Marketing goes mobile
The mobile phone is becoming the single most powerful platform in today’s dynamic marketing landscape, the chief marketing officer of Smart Communications Inc. said.
Speaking at the first Internet and Mobile Marketing Summit held in Makati City, Danilo Mojica, head of Smart’s Wireless Consumer Division, said the sheer explosion in mobile ownership and the shift in the way people use mobile have led to advertisers looking more closely at the huge potential of the medium.
“It is mind-boggling how fast and how deeply technology is shaping the way we live. With 48 million mobile phones in active use today, the cellphone has ceased to be just a tool for basic call and text,” he said.

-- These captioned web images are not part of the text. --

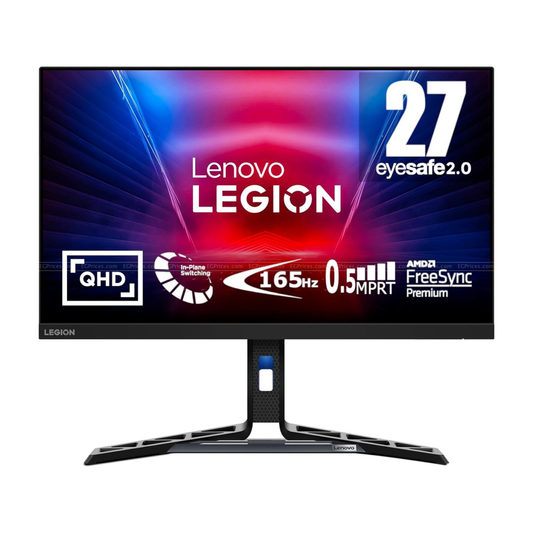 Lenovo Legion R27q-30 27 Inch, QHD Gaming Monitor with Eyesafe (IPS Panel, 180Hz (OD), 0.5 MPRT, HDMI, DP,FreeSync™ Premium, HDR400, Integrated Speakers)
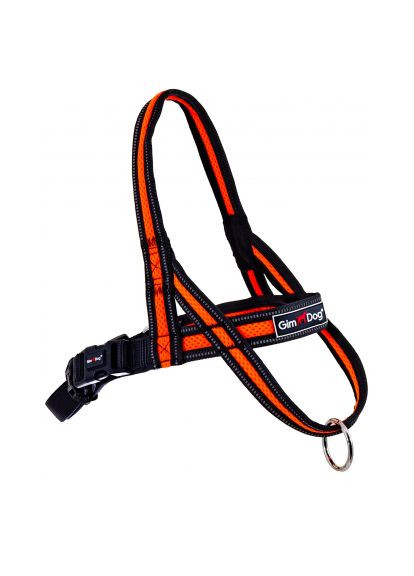 Шлей для собак Alfresco Y неопрен 2.0х55 58-70 см оранжевая (8009632059693) GimDog Alfresco Y неопрен 2.0х55 58-70 см помаранчева (366515964)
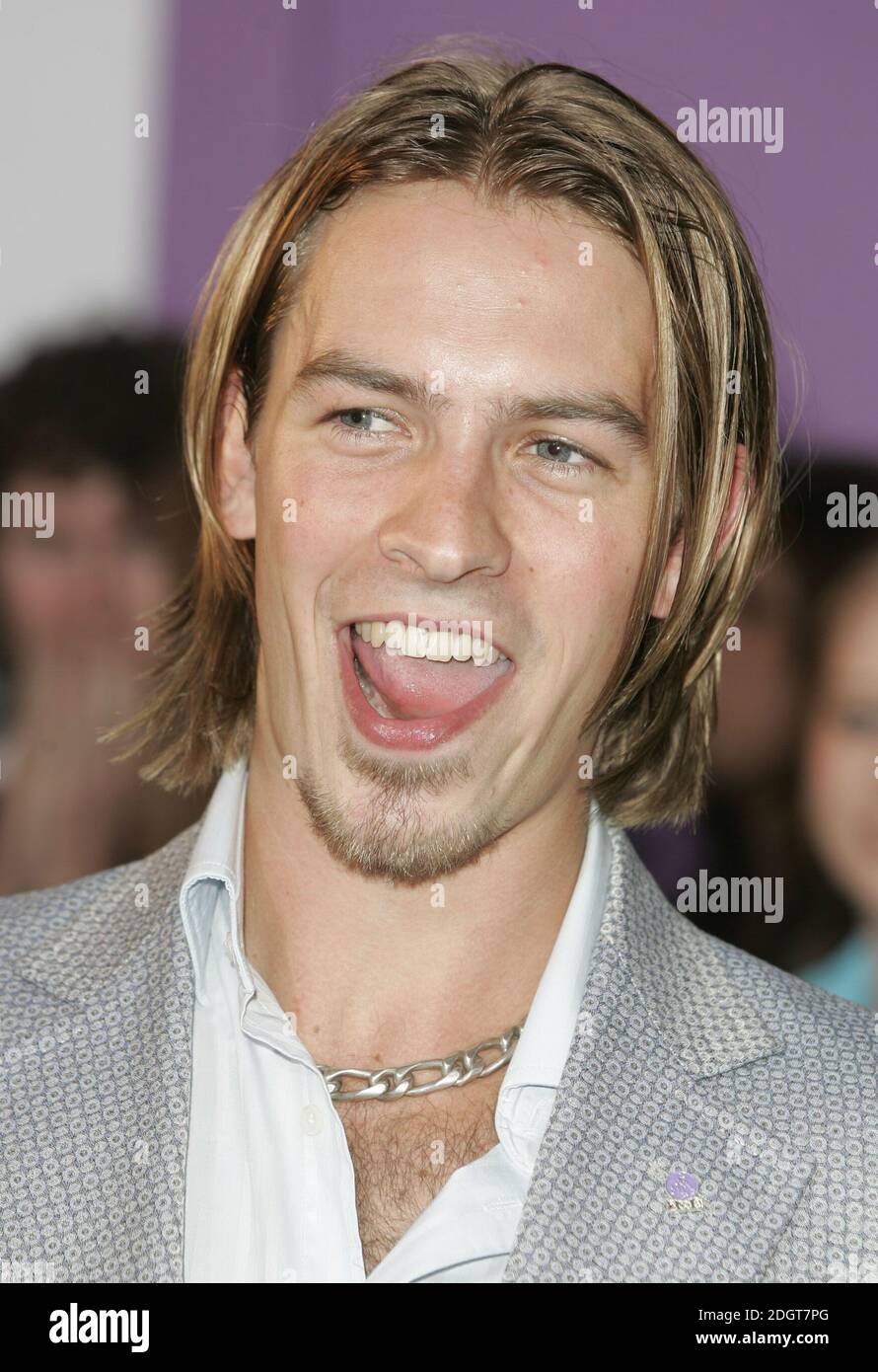 Ashley Taylor Dawson arriving. Stock Photo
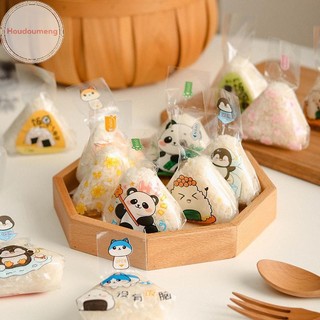 Hooudou 50 / 100 Chiếc Gạo Tam Giác Nhật Bản Bao Bì Dùng Một Lần Nori Onigiri Túi Sushi Sushi Làm Sushi Khuôn Bento Phụ Kiện VN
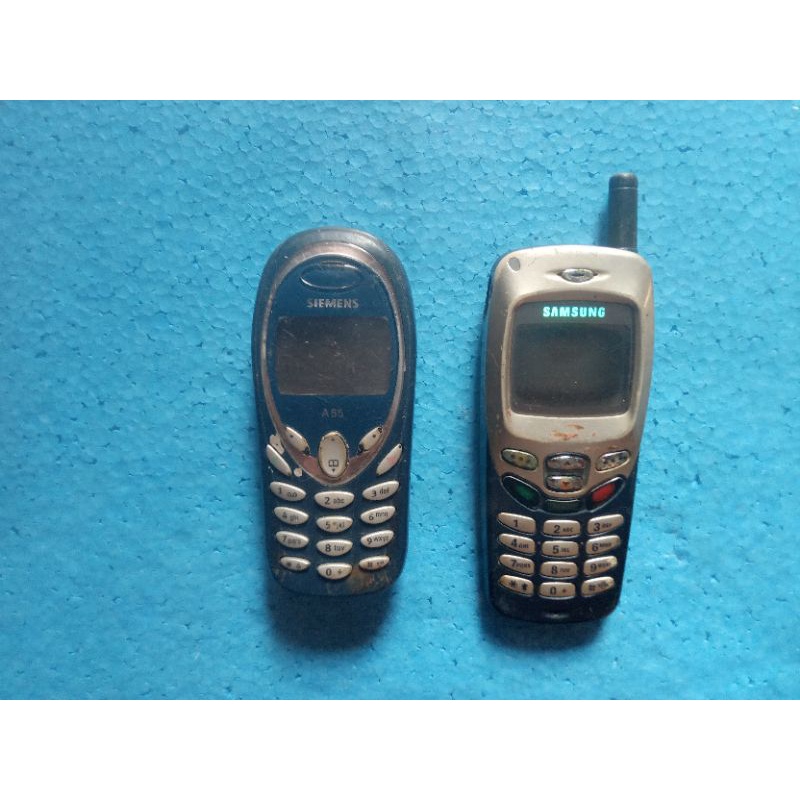 Handphone Hp Jadul Siemens A55 & Samsung SGH-R220 (sepaket)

These days, mobile has become a source of entertainment via value-added services, and an important vehicle for financial transactions and remittance services.

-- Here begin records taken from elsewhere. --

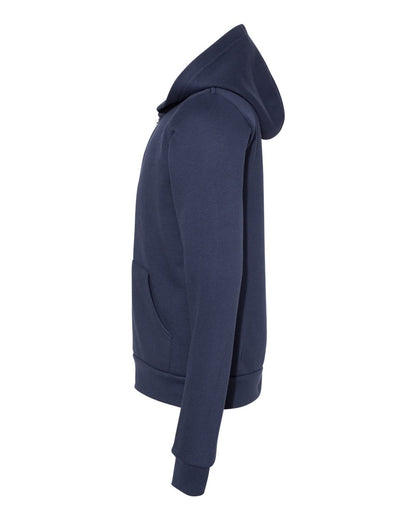 BELLA + CANVAS Youth Sponge Fleece Full-Zip Hoodie 3739Y #color_Navy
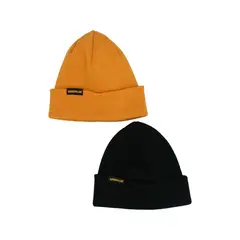 CAT - Pack Gorro Hombre Cuffed Knit Amarillo Y Negro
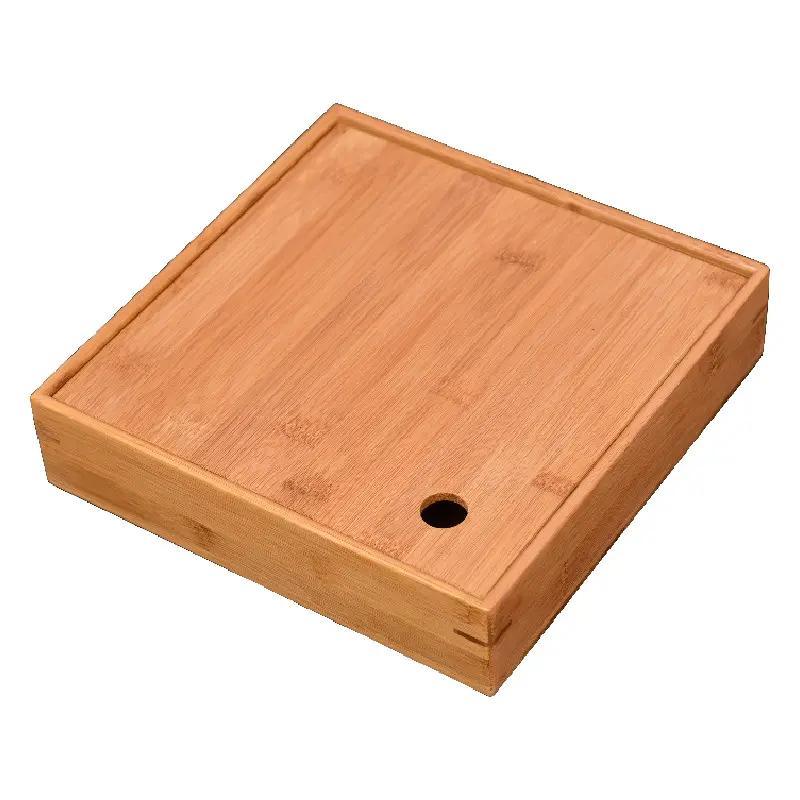 Bamboo Storage Box Gift Packaging Food Storage Nuts Box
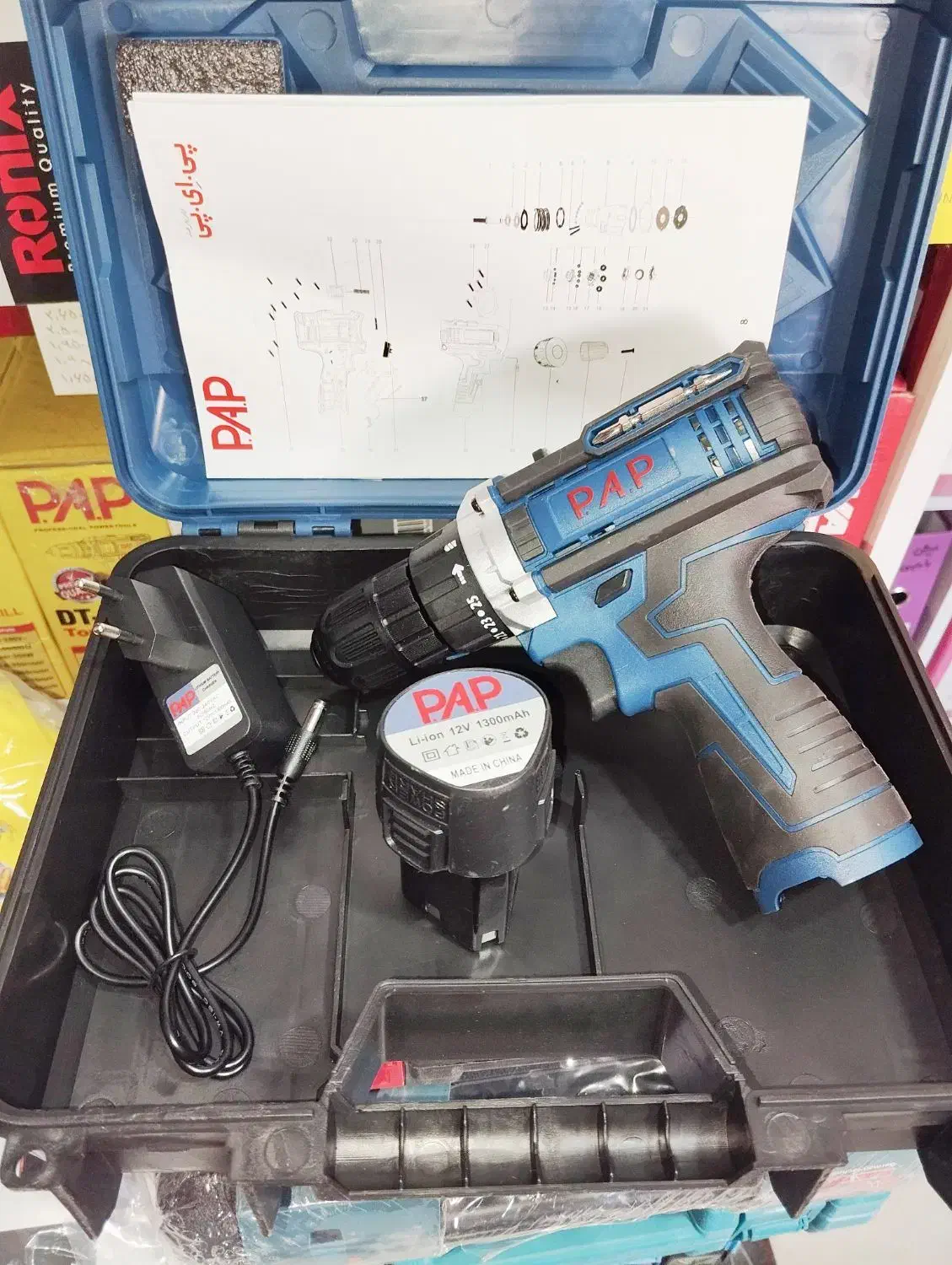 دریل شارژی تک باطری 12 ولت پی ای پی پیچ گوشتی|ابزارآلات|شیراز, نصر|دیوار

It is now a camera, a locator, an Internet access device, a source of news and information, and soon, everyone’s mobile television. It has become so that one could forget his or her wallet and keys, but never the cellular phone. It has become a most personal possession, an important part of one’s identity.
And it is because of this that the mobile has become the single most powerful platform for directly communicating with consumers.

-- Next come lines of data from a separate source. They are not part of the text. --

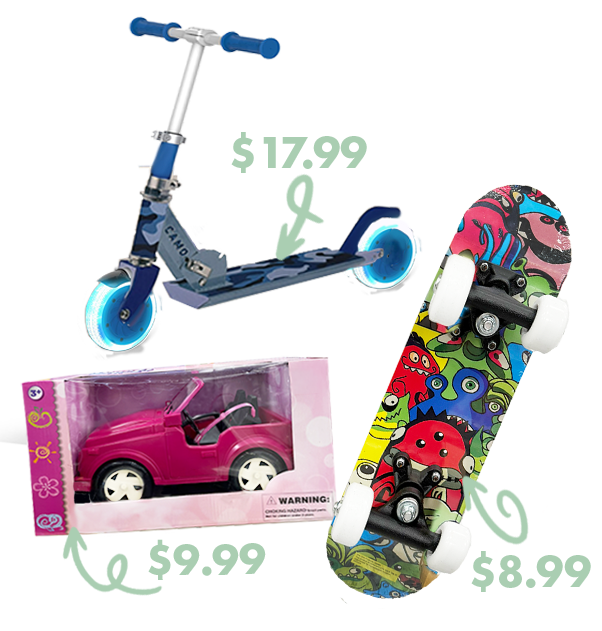 Gifts for kids under $18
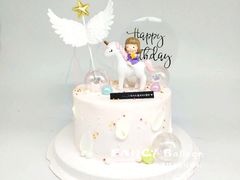 -卡比儿童蛋糕·心意定制·低脂零卡糖动物奶油FancyBALLOON(滨海店)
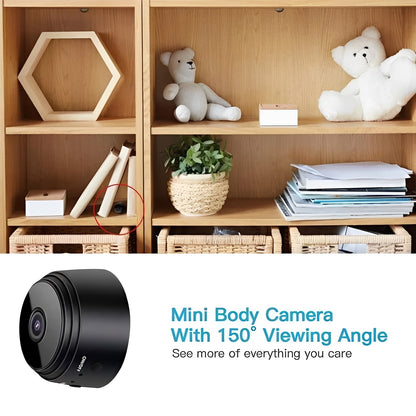 Compact Wireless Camera with Strong Magnet and 1080p Video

Engaging consumers with mobile
Mojica explained the greater depth of consumer engagement via mobile. “With the cellphone, you know the user. It is always on. In TV parlance, it is always prime time. When you send a message via SMS or MMS to a subscriber, you engage him in an intimate, direct and personal way. It is interactive advertising that can generate a response or drive a sale, and is immediately measurable,” he said.
Unlike traditional media, mobile advertising allows for 25/8 mobility. It has the potential to provide location targeting and time-specific messages. Do you want to catch a consumer just as he is entering a fastfood mall to figure out where to have a quick lunch? No other medium will hold him captive at just that moment of decision-making. And because it’s a one-to-one relationship, it can allow for consumer profiling for very target-specific messages.
It’s not a passive, mass-produced, one-size-fits-all medium where the broadcaster dictates what, when, and where to give the message to its mass media audience.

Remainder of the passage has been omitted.